When you say the word disability, you can almost hear the sudden pause.
The questioning stares. You can feel the wondering eyes. Then you mention disability in the context of work and suddenly, more questions. Questions of confusion and concern. Questions of “ought to” and “how.” These are questions and feelings our guest Jane Hutton, Founder of EvenBreak knows well and shared with us her personal and professional story during our show last week.
Jane never wanted to be a recruiter but rather spent her time learning about hiring from the angle of diversity, inclusion and equality.
“When I spoke about disability there would be two different responses: one about why companies should employ a disabled person, the other recognising that this is a pool of talent we should be tapping into.”
The catch?
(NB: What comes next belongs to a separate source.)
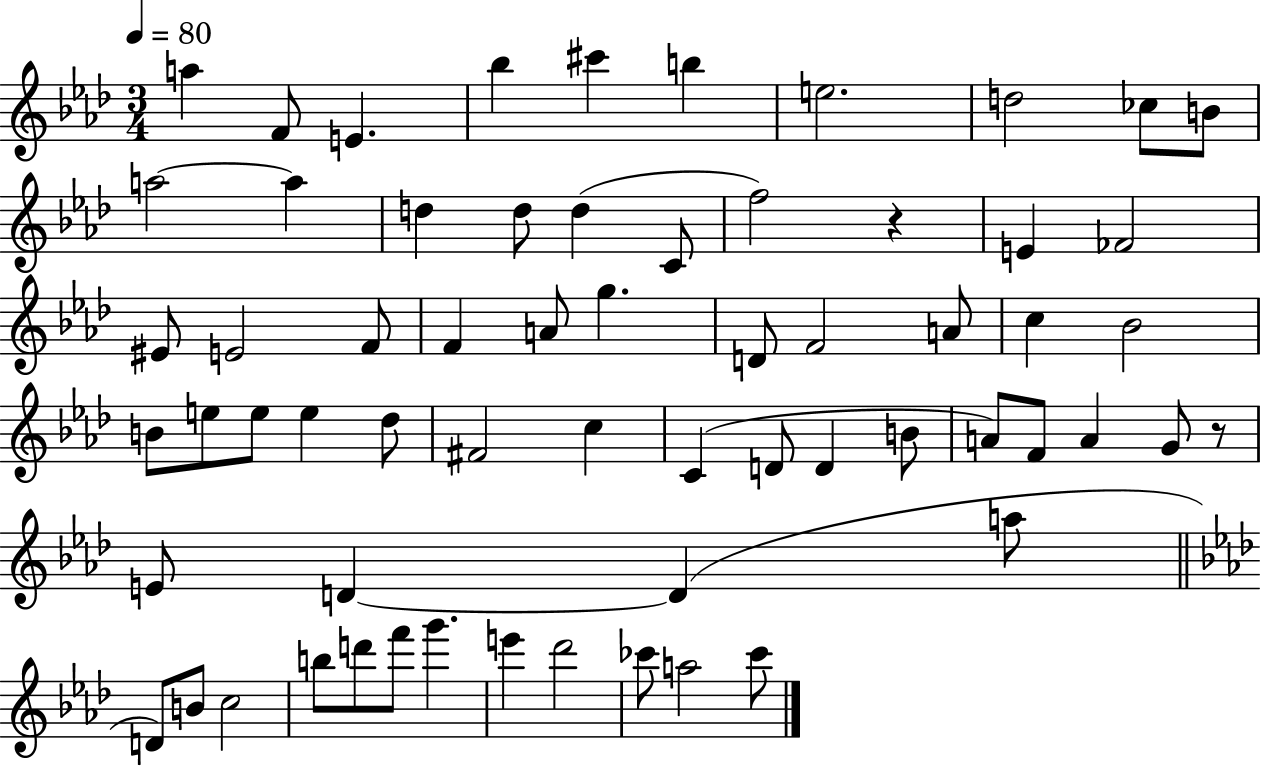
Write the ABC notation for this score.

Most recruiting audiences don’t know how or where to begin to recruit disabled people. It doesn’t help that very few of them ever apply. It’s a broken equation and one Jane set out to solve when she became disabled in 2004.
How To Recruit More Disabled People
Recruiting disabled people begins with better attraction programs and changing your recruiting sources. In order to attract such a diverse range in candidates, you need a really diverse range of attraction strategies. That’s more complicated than ever with disabled people because disabilities know no colour or background.
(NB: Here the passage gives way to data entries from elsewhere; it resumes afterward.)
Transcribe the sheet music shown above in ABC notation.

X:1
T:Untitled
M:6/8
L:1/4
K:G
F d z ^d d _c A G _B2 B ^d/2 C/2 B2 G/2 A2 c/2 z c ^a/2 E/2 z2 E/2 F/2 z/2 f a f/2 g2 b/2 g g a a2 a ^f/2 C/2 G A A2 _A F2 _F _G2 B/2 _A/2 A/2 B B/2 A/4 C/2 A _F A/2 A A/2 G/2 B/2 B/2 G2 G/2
“If you think of disabled people, it’s a bunch of people from different races, genders and ages. You might have a woman of 18 or a veteran from Afghanistan with two limbs or someone of 50 who has been in business all their lives and had a stroke.”
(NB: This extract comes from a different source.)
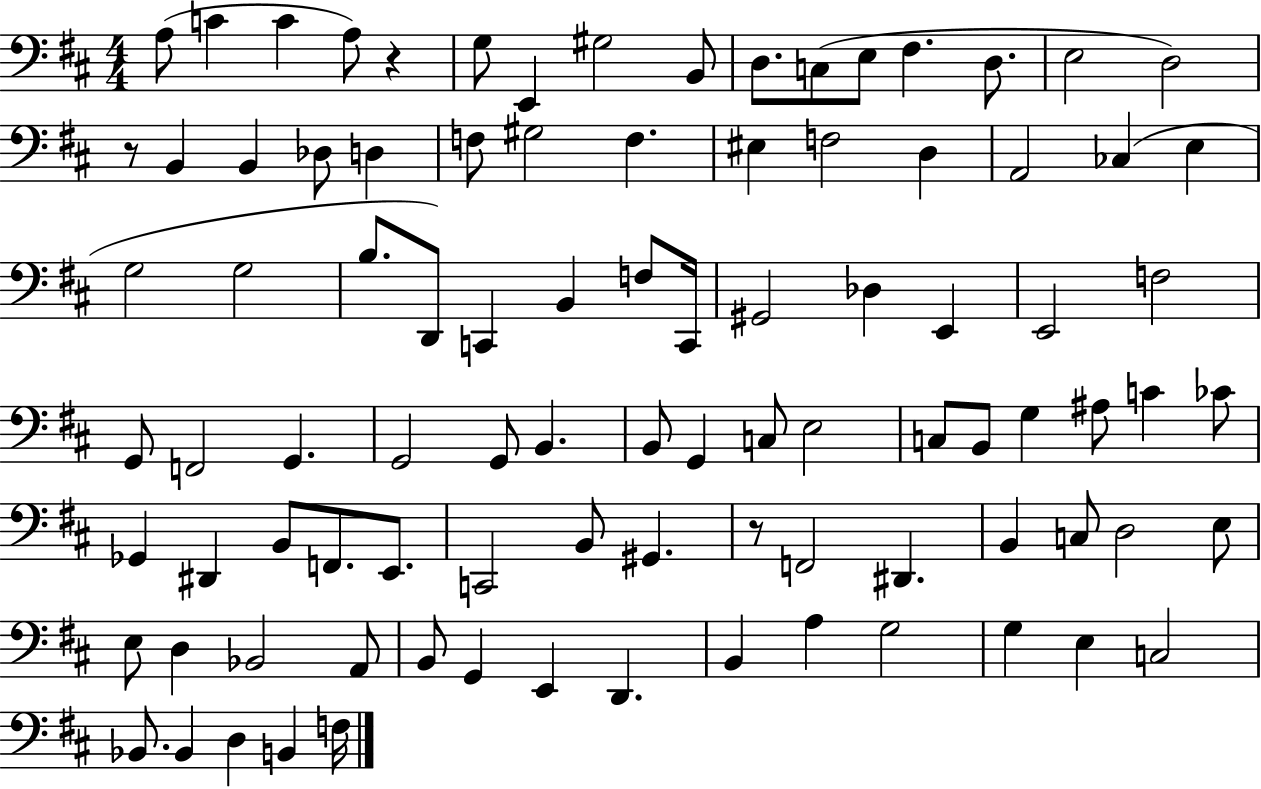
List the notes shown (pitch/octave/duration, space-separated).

A3/e C4/q C4/q A3/e R/q G3/e E2/q G#3/h B2/e D3/e. C3/e E3/e F#3/q. D3/e. E3/h D3/h R/e B2/q B2/q Db3/e D3/q F3/e G#3/h F3/q. EIS3/q F3/h D3/q A2/h CES3/q E3/q G3/h G3/h B3/e. D2/e C2/q B2/q F3/e C2/s G#2/h Db3/q E2/q E2/h F3/h G2/e F2/h G2/q. G2/h G2/e B2/q. B2/e G2/q C3/e E3/h C3/e B2/e G3/q A#3/e C4/q CES4/e Gb2/q D#2/q B2/e F2/e. E2/e. C2/h B2/e G#2/q. R/e F2/h D#2/q. B2/q C3/e D3/h E3/e E3/e D3/q Bb2/h A2/e B2/e G2/q E2/q D2/q. B2/q A3/q G3/h G3/q E3/q C3/h Bb2/e. Bb2/q D3/q B2/q F3/s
There is also more of a need for education for recruiters. Even if the company has good intentions, recruiters get lost in the process and details. They need to seek out new resources, like Jane’s best practice portal for employers. These practical resources are made by disabled people and for employers to use in this area and they help with things like common disability etiquette and vocabulary.
Most importantly, recruiters have to get past the fear that disabled people won’t thrive in their company. Disabled people can be some of the most creative problems solvers because they face problems every day. “We have to think of a way to get around doing things that other people take for granted.”